Researchers are confronting mounting evidence that existing evaluation tools for large language models and agentic systems fail to capture real-world performance and risks. Long-horizon agents built for multi-step goals such as multi-day planning, system migrations, or compliance work show accuracy collapsing as tasks exceed tens to low hundreds of dependent decisions in benchmarks like LORE, DeepPlanning, and long-horizon reasoning suites, mainly because small per-step errors compound and expose brittle memory, context handling, and tool use. Even with recent improvements, systems still fail most realistic long-horizon tasks in DeepPlanning, AgentLongBench, and TRIP-Bench, pushing the field toward evaluation methods that focus on stabilizing performance across long horizons, robust state tracking and memory under ultra-long contexts, reliable error recovery and meta-reasoning, and tests that reveal deception, specification gaming, and safety issues instead of tracking task completion alone.

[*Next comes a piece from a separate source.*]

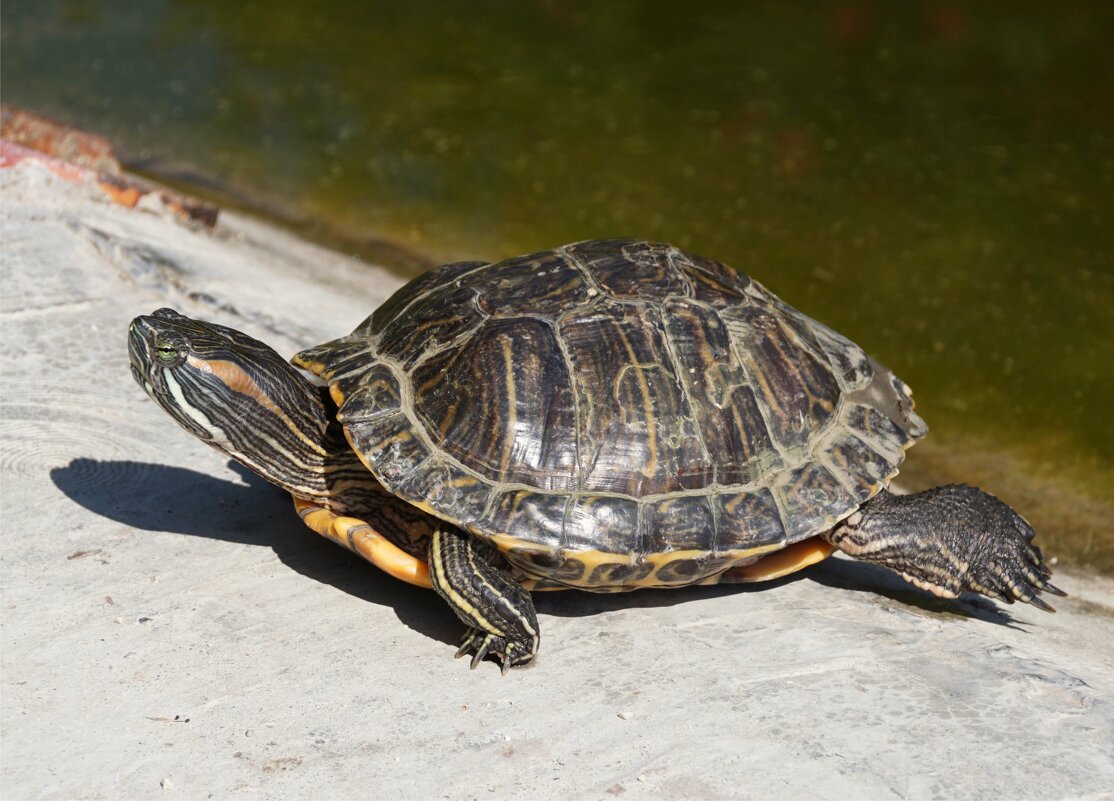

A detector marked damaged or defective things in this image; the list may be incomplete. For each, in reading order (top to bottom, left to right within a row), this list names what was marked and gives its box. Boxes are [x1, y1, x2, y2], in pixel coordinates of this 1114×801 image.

cracked concrete [6, 164, 1114, 801] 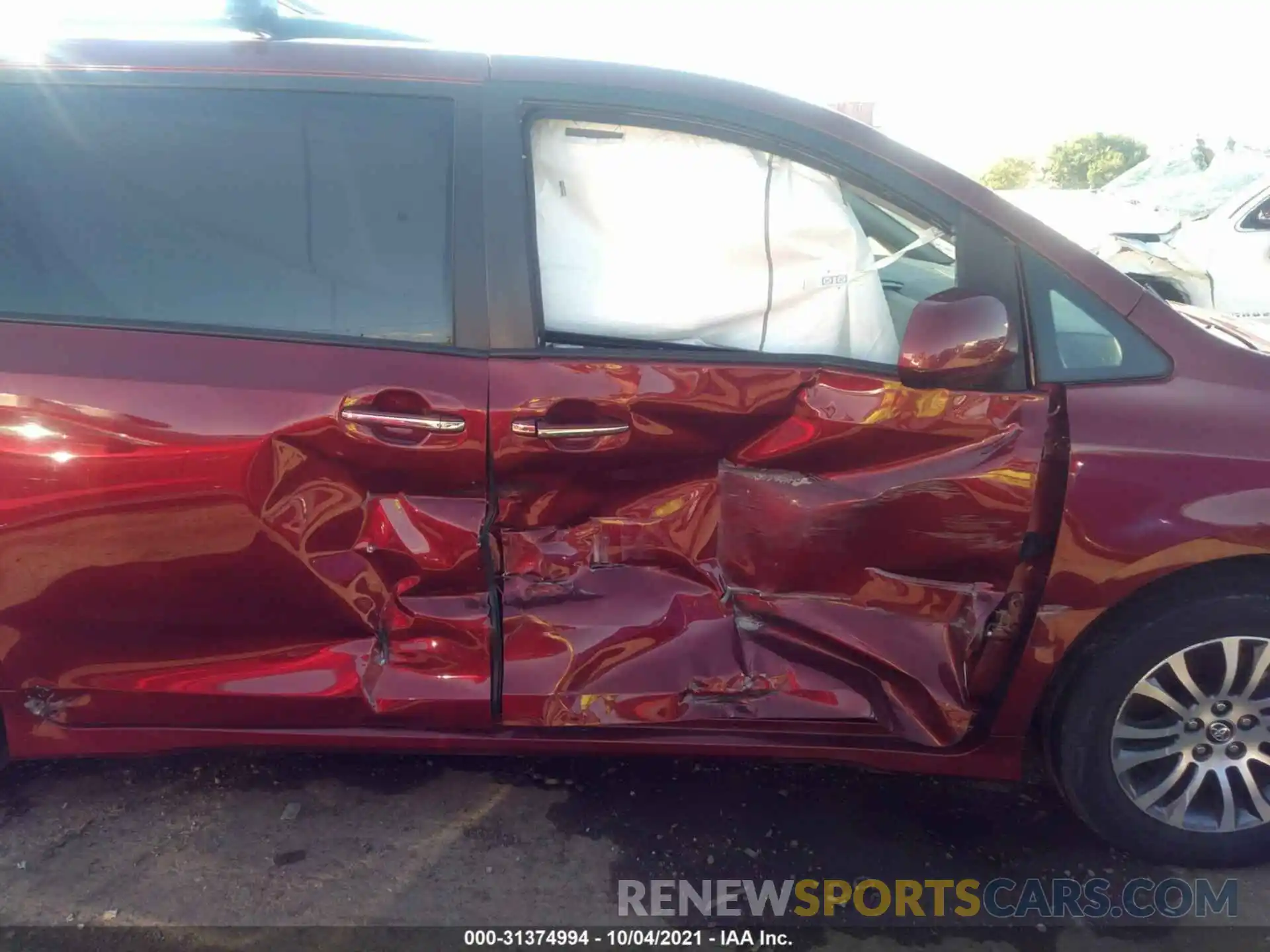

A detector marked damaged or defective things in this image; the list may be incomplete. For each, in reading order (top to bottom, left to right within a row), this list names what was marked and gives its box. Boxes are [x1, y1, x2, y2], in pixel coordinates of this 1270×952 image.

To better measure factual reliability, a new benchmark called KGHaluBench uses a knowledge graph to generate multifaceted questions rooted in randomly selected entities, addressing the narrow and static nature of current hallucination tests. The framework builds an automated verification pipeline with entity-level and fact-level checks and introduces hallucination metrics split into breadth-of-knowledge (HaluBOK) and depth-of-knowledge (HaluDOK) rates so evaluators can see whether models hallucinate because they lack coverage across topics or depth within a topic. In experiments with 25 state-of-the-art models, the verification pipeline shows strong agreement with human judgment (79.19 % and 87.74 % at different verification stages), and the results highlight knowledge characteristics that correlate with hallucination rates. The approach promises more interpretable factual accuracy assessment but faces challenges in keeping the underlying knowledge graph current and scaling verification to increasingly complex, open-ended outputs.
A separate large-scale analysis of 60 widely used benchmarks shows that nearly half of the benchmarks are saturated and that saturation increases with age, meaning many tests can no longer distinguish top-performing models as scores cluster near the maximum. By annotating benchmarks with 14 design and data properties and testing five hypotheses, the study finds that commonly proposed fixes such as hiding test data, switching between multiple choice and open generation, or targeting specific languages have limited impact, while expert-curated benchmarks resist saturation better than crowdsourced sets. The work introduces a quantitative saturation index to mark when a benchmark stops reliably separating model performance and argues that benchmark age and small test set sizes are the strongest predictors of saturation, motivating larger, higher-resolution, dynamically updated suites with reported score uncertainty and multi-dimensional metrics. In parallel, researchers are improving evaluation for open-ended professional tasks with JADE, a two-layer framework where Layer 1 encodes domain-expert skills as stable evaluation criteria and Layer 2 runs claim-level, evidence-dependent assessment that invalidates conclusions built on earlier false claims, which together substantially improve large language model as judge stability, surface hallucinated financial ratios and logical non-sequiturs on BizBench financial analysis tasks, and transfer effectively to a medical benchmark without new expert labels.